El hombre comenzó a hacer gastronomía por hastío, para alejarse de la materia prima, de la naturaleza sin sazonar, de la remolacha cruda. La cocina nace cuando los alimentos dejan de ser superviviencia y se convierten en una representación del refinamiento y la ostentación, o sea, burguesía. En el siglo XIX, que es la centuria de la industria, el barco de vapor y la mano de obra barata, Alejandro Dumas se convirtió en padre del folletín por entregas y, como todo escritor con fama y generosa cintura, en un adorador de los fogones. A Edmond Dantés, el protagonista de «El conde de Montecristo», le enseñó matemáticas, historia, química, lenguaje, idiomas y filosofía durante su encierro en el castillo de If. Pero, en su educación se olvidó de inculcarle los misterios del puchero. Eso los reservaba para él y lo que consideraba su obra cumbre: un «Diccionario gastronómico», que ahora Gadir publica en España.

Con las manos en la masa

Las crónicas dejan el retrato de un autor entregado disciplinadamente a los avatares y rutinas que imponen las recetas. Louis Bouilhet proporcionó una lúcida descripción en una carta fechada en 1858 que dirigó a Flaubert: «Dumas, en camisa, mete mano en la masa, hace una tortilla fantástica, dora la pularda... corta la cebolla, remueve las ollas y les da 20 francos a los pinches». Y lo hacía en el hotel en el que se alojaba en ese momento. «Era un gran gourmet –asegura Javier Santillán, de Gadir y autor del prólogo– al que le encantan las trufas, las ostras y el vino». El novelista de «Los tres mosqueteros» redactó sobre este tema, y asuntos aledaños, un original de más de 1.000 páginas (aquí glosadas a las más interesantes) que abarcaban saberes y disciplinas diferentes. Se publicó dos o tres años después de su fallecimiento y ahora sale la luz en castellano en una edición ilustrada. «Era un libro ambicioso, lleno de erudición. Ahí coinciden las ciencias naturales, la historia, la antropología, la historia de la cocina y los elementos sociológicos. Al ser, además un literaro, le imprime un lenguaje poético. Dumas era una persona sabia y prolífica, y logró que fuera entretenida», explica Santillán.

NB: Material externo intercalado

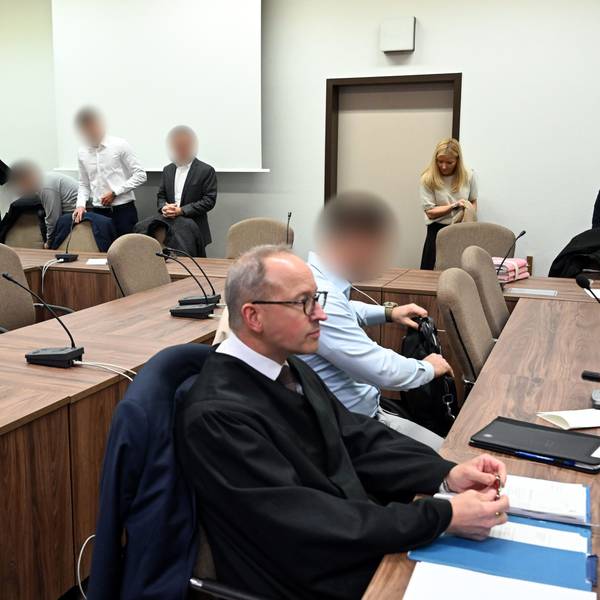 Die Angeklagten warten mit ihren Rechtsanwälten auf den Beginn des Prozesses.
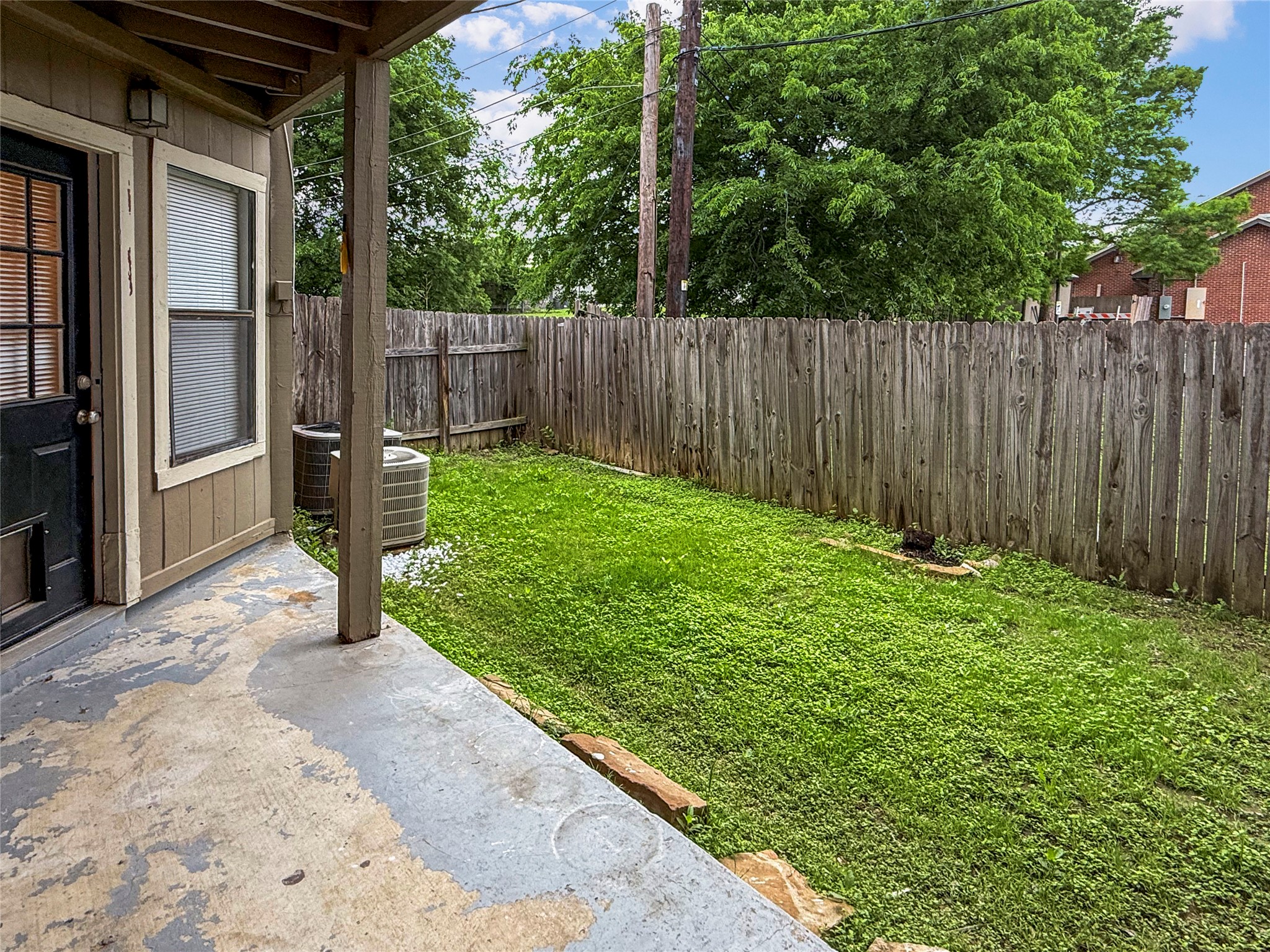 409 Rawhide Loop Round Rock, TX 78681 - Photo 11 of 14 Covered concrete patio with access to the grassy yard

El escritor consideraba que cualquiera podía cocinar, como el chef de «Ratatouille», pero como una centuria y pico antes. Se propuso dar un volumen en el que se mezclaba los antecedentes del arte culinario y repasaba productos de la tierra, como el espárrago, el melón, la dorada, la perdiz o el tomate, al que reserva una receta: «Tomates rellenos a la Grimod de La reynière», un plato que mezclaba carnes picadas, el grill y un zumo de limón como condimento final. Le dedica palabras a una zoología dispersa: la trucha, el buey, el conejo, el cordero, la gamba, la anguila y la ballena, un mamífero inesperado en estos capítulos y del que apunta: «Esta carne es tan buena y sana que los pescadores y el común pueblo marítimo le atribuyen la salud de hierro de la que gozan».

-¿A quién se acerca más Dumas, al menú de figón o al restaurante de Ferrán Adrià?
-Creo que a Adrià.

Javier Santillán apuesta por el restaurador catalán. Y tiene una buena razón para ello. Ha abordado la edición de este recetario con una visión pragmática del asunto.

-¿Y ha cocinado alguna?
-Por supuesto. La tortilla de tomates a la provenzal. Se hace en diez minutos y me quedó bastante bien. Es muy sencilla. También la sopa de cebolla. La mayor parte de ellas, las que hemos incluido, son factibles. He probado algunas y me han salido bien. A veces tienes que tener cuidado con las proporciones de algunas recetas, pero son bastante fiables en general.

Dumas era un hombre de buen comer, al que le gustaban los entrantes, los segundos platos y postres (siente predilección por los dulces e incluso cuenta cómo hacer ya el gofre, del que asegura que no gusta en París, en aquel París, claro. Hoy ya han cambiado las cosas) y que no duda en recurrir al humor y, tampoco, a sus propias experiencias personales, como los viajes, para mostrar puntos de vista o dar a conocer cocinas específicas. Es lo que ocurre con nuestro país, que no le debió dejar una buena impresión: «En España no existe más que un plato para todo el mundo, y ése plato es el puchero». Y a continuación enumera los ingredientes –se detiene con especial interés en el garbanzo, del que llega a anotar un refrán: «El buen garbanzo y el buen ladrón de Fuente-Franco son». Del puchero también llega a afirmar: «Es la comida invariable del español. De todo español que no cuente con este plato se puede decir, al igual que del viajero sin abrigo: ¡pobre diablo!».

Dumas, que nació precisamente en un momento en que la cocina francesa empezaba a desarrollarse, defiende incluso la predisposición que poseen los escritores para las labores de la cocina. Una idea prematura a la que la bibliografía le ha ido dando la razón. No son uno ni dos escritores que se han inmerso en los avatares gastronómicos. Ahí están Josep Pla y Julio Camba o, saliendo ya de aquí y, saltando a tiempos más recientes, el británico Julian Barnes, con su «El perfeccionista en la cocina» (Anagrama).

 

El detalle
LAS CENAS QUE NO SE PERDÍA ROSSINI

Ni tampoco Geoge Sand, ni Delacroix, ni Victor Hugo. Eran famosas, tanto que, cuando el convidado no podía asistir por el motivo que fuera, reclamaba mediante un sirviente (en el caso de que lo tuviera) su ración.En su diario, por ejemplo, Sand (en la imagen inferior) anotó con cariño las cualidades del padre de «El conde de Montecristo» entre fogones: «Dumas, padre, cocinó la cena entera desde la sopa a la ensalada. Ocho o diez maravillosos platos...». A su mesa sentó muchas veces al compositor de «Las bodas de Fígaro», gran gourmet como él. Ambos pujaban por ver quién destacaba más. Quizá Dumas, aunque Rossini (en la imagen superior) no se quedaba atrás: amaba las trufas, el vino español y los macarrones, tanto como para idear una máquina que les diera la forma perfecta. Les inyectaba, después de cocidos, una jeringuilla con foie. Y a la sartén con mantequilla y parmesano.